DATA EXTRACT

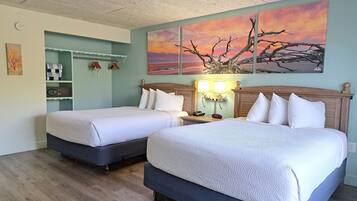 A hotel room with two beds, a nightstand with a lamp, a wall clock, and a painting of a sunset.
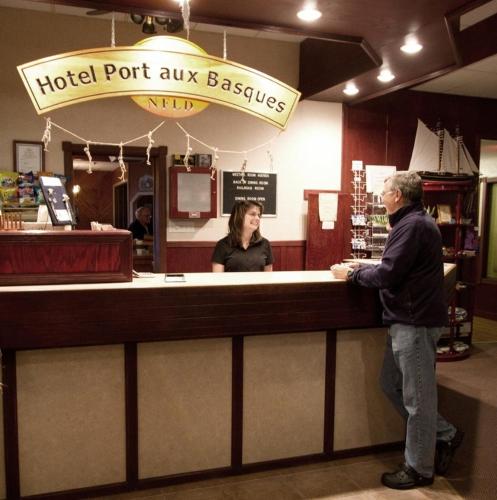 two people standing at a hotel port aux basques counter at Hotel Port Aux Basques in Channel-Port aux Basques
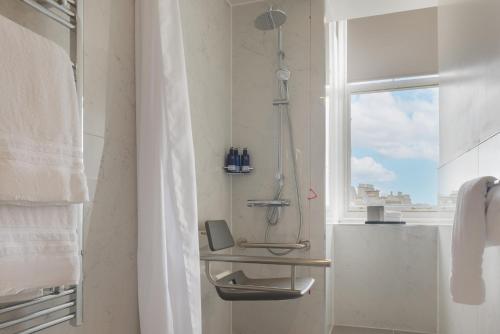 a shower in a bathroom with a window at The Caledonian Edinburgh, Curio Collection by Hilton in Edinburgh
---
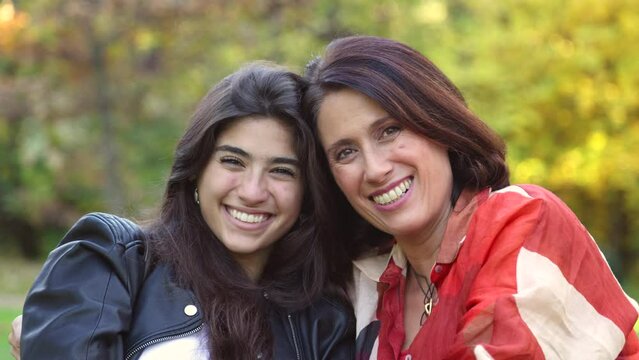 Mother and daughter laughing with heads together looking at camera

TASK
Output exactly the stretch of the listing that begins at the line containing "A hotel room" and ends at the line containing "a shower in", both kept. Omit pictures and everything else.

REPLY
 A hotel room with two beds, a nightstand with a lamp, a wall clock, and a painting of a sunset.
 two people standing at a hotel port aux basques counter at Hotel Port Aux Basques in Channel-Port aux Basques
 a shower in a bathroom with a window at The Caledonian Edinburgh, Curio Collection by Hilton in Edinburgh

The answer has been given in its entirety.